◆ TASK BRIEF: Only the lines below starting at the one containing "Optic disc detection" and ending at the one containing "Radiofrequency microneedling facial" belong in the answer, each copied exactly.
*** RECORDS FOR PROCESSING Section Begins ***
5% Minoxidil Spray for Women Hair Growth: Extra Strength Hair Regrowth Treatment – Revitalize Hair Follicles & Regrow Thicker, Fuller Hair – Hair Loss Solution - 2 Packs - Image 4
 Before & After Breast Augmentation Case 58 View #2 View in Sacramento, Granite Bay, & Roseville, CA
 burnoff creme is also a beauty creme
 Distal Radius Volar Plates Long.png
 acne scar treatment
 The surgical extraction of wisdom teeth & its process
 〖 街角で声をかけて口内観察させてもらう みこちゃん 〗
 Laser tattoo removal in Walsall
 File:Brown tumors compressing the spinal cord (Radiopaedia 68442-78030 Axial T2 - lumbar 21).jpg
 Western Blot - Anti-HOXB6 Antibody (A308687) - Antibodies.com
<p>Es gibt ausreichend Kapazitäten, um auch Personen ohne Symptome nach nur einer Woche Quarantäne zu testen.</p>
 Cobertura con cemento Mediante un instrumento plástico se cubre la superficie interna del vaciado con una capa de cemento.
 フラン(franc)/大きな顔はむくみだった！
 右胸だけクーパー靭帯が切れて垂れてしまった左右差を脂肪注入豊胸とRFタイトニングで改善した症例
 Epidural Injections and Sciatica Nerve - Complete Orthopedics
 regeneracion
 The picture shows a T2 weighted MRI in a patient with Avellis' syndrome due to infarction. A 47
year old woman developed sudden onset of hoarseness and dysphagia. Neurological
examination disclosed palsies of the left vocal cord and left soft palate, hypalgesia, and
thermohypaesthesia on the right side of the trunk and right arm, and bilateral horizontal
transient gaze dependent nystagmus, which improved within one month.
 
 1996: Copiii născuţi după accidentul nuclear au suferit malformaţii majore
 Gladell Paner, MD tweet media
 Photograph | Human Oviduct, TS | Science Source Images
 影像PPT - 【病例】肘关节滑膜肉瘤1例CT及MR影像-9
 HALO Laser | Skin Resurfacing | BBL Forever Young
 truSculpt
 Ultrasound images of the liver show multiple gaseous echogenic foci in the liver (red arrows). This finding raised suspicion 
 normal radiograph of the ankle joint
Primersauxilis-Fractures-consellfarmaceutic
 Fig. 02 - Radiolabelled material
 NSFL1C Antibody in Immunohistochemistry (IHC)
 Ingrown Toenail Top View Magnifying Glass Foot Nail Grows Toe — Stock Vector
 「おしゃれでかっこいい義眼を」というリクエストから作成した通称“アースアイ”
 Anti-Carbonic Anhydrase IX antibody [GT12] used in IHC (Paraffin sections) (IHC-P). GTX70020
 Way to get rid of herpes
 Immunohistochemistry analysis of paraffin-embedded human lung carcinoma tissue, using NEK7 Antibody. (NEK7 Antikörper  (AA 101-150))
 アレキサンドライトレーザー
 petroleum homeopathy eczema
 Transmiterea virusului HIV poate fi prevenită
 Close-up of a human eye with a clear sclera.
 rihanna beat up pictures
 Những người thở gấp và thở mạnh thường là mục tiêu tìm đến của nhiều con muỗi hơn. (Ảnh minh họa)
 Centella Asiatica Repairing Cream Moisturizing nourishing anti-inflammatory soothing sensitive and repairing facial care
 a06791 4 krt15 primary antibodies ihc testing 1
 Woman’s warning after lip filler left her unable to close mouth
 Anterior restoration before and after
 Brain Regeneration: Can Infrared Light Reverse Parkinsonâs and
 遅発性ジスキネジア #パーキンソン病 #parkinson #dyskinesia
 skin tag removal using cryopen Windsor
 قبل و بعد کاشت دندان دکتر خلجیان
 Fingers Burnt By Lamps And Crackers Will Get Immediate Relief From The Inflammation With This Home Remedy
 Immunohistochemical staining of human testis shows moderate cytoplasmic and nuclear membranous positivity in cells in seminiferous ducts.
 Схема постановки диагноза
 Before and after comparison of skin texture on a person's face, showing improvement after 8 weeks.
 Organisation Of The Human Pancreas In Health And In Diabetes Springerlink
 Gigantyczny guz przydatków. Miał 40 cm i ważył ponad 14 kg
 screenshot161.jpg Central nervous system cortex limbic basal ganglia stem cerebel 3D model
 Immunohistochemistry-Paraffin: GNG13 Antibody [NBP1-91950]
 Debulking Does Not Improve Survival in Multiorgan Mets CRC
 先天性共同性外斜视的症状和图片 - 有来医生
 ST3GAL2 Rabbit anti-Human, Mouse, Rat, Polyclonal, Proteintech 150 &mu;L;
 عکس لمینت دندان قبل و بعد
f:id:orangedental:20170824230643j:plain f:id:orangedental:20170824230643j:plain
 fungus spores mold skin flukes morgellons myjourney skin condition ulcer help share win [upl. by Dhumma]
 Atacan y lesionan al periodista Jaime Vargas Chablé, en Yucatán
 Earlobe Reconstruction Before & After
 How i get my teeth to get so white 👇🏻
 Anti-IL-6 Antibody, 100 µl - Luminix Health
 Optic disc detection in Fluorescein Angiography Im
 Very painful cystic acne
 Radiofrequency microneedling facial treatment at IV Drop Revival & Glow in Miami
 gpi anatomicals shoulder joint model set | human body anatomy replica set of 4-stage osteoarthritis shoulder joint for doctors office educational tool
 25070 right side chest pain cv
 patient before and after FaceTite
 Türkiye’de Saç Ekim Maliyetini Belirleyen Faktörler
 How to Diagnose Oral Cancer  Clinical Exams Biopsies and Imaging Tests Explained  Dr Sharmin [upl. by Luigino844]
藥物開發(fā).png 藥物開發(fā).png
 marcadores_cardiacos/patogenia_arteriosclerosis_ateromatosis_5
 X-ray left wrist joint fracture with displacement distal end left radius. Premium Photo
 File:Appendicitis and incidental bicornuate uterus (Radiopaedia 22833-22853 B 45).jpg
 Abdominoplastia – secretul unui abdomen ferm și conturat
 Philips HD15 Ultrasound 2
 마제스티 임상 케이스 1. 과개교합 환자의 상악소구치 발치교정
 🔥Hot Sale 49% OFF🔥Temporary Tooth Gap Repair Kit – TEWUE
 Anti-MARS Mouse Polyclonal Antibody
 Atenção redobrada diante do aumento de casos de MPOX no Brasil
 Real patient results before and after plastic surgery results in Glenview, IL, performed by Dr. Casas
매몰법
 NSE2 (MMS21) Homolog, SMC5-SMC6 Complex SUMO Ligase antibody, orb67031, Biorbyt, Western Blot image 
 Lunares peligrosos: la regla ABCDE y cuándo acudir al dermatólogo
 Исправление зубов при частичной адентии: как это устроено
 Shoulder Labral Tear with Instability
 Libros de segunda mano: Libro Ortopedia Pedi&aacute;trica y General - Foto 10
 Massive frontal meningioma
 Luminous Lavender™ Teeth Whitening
*** RECORDS FOR PROCESSING Section Ends ***
◆ RESULT OF THE TASK:
 Optic disc detection in Fluorescein Angiography Im
 Very painful cystic acne
 Radiofrequency microneedling facial treatment at IV Drop Revival & Glow in Miami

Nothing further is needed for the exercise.